PROBLEM TO WORK ON:
As soon as the line containing "To My Son, Today" appears in the material below, start returning lines exactly, and end with the line containing "Belgian Fouta Libeco".
►
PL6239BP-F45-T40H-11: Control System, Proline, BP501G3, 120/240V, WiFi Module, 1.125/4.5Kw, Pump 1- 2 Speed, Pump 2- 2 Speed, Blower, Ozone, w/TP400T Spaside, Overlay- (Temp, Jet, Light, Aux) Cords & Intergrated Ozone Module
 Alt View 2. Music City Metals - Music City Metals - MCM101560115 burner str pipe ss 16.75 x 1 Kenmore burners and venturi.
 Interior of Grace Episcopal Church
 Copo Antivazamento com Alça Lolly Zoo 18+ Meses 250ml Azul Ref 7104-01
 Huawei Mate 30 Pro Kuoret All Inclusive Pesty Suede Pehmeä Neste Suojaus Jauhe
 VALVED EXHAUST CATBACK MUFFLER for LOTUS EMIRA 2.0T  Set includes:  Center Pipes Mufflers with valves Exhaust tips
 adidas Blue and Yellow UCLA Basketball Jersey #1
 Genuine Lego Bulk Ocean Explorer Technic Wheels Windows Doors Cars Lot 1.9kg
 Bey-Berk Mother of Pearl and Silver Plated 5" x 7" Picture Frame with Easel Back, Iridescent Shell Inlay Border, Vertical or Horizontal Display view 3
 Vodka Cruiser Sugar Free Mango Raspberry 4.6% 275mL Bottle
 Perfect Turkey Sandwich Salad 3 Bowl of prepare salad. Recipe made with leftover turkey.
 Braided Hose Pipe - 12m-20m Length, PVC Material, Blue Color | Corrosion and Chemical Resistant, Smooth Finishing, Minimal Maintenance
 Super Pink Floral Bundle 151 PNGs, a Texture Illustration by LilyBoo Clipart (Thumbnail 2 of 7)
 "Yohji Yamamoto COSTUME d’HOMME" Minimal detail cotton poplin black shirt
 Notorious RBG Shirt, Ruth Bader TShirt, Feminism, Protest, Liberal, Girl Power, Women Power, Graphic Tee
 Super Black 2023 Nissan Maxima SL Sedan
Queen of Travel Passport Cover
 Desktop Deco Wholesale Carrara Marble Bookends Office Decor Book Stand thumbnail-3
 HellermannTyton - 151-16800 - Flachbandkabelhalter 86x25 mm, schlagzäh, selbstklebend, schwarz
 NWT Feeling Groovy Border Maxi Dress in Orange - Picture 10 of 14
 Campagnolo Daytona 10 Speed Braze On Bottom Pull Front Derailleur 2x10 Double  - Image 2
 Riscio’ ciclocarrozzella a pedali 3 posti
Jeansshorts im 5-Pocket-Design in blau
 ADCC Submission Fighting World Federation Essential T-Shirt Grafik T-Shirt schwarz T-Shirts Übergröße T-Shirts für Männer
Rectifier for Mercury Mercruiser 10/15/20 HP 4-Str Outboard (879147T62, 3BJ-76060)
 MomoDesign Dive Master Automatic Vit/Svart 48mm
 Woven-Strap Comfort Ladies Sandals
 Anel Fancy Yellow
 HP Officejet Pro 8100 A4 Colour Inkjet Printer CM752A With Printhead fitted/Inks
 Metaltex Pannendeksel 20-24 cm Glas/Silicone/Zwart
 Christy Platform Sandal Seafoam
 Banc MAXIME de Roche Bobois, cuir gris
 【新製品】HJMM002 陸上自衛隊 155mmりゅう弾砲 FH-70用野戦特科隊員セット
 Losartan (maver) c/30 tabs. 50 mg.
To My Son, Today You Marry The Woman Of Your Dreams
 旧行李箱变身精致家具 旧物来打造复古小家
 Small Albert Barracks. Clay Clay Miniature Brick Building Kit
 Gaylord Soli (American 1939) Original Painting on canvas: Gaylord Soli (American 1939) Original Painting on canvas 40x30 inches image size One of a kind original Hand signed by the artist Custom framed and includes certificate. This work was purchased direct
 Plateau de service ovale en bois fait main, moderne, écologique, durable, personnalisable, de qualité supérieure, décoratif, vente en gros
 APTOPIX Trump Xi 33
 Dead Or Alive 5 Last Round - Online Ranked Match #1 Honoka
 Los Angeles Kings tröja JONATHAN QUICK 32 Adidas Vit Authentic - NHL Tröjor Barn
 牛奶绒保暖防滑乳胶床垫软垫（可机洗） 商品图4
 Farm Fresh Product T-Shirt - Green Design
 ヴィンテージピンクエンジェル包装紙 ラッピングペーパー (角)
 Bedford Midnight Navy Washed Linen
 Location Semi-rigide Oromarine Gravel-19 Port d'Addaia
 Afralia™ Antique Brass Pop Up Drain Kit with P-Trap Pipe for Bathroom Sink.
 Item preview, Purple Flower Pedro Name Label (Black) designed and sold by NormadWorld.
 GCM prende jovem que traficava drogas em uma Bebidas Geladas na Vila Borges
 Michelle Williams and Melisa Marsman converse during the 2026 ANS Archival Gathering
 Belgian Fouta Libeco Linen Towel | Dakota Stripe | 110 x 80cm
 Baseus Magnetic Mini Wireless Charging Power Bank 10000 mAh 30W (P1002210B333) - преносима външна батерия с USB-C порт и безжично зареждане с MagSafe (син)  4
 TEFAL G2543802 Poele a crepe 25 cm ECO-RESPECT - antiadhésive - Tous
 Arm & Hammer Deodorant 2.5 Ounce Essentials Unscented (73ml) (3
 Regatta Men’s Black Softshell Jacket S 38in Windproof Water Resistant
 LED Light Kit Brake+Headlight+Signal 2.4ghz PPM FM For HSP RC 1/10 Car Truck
◄
RESPONSE TO THIS EXERCISE:
To My Son, Today You Marry The Woman Of Your Dreams
 旧行李箱变身精致家具 旧物来打造复古小家
 Small Albert Barracks. Clay Clay Miniature Brick Building Kit
 Gaylord Soli (American 1939) Original Painting on canvas: Gaylord Soli (American 1939) Original Painting on canvas 40x30 inches image size One of a kind original Hand signed by the artist Custom framed and includes certificate. This work was purchased direct
 Plateau de service ovale en bois fait main, moderne, écologique, durable, personnalisable, de qualité supérieure, décoratif, vente en gros
 APTOPIX Trump Xi 33
 Dead Or Alive 5 Last Round - Online Ranked Match #1 Honoka
 Los Angeles Kings tröja JONATHAN QUICK 32 Adidas Vit Authentic - NHL Tröjor Barn
 牛奶绒保暖防滑乳胶床垫软垫（可机洗） 商品图4
 Farm Fresh Product T-Shirt - Green Design
 ヴィンテージピンクエンジェル包装紙 ラッピングペーパー (角)
 Bedford Midnight Navy Washed Linen
 Location Semi-rigide Oromarine Gravel-19 Port d'Addaia
 Afralia™ Antique Brass Pop Up Drain Kit with P-Trap Pipe for Bathroom Sink.
 Item preview, Purple Flower Pedro Name Label (Black) designed and sold by NormadWorld.
 GCM prende jovem que traficava drogas em uma Bebidas Geladas na Vila Borges
 Michelle Williams and Melisa Marsman converse during the 2026 ANS Archival Gathering
 Belgian Fouta Libeco Linen Towel | Dakota Stripe | 110 x 80cm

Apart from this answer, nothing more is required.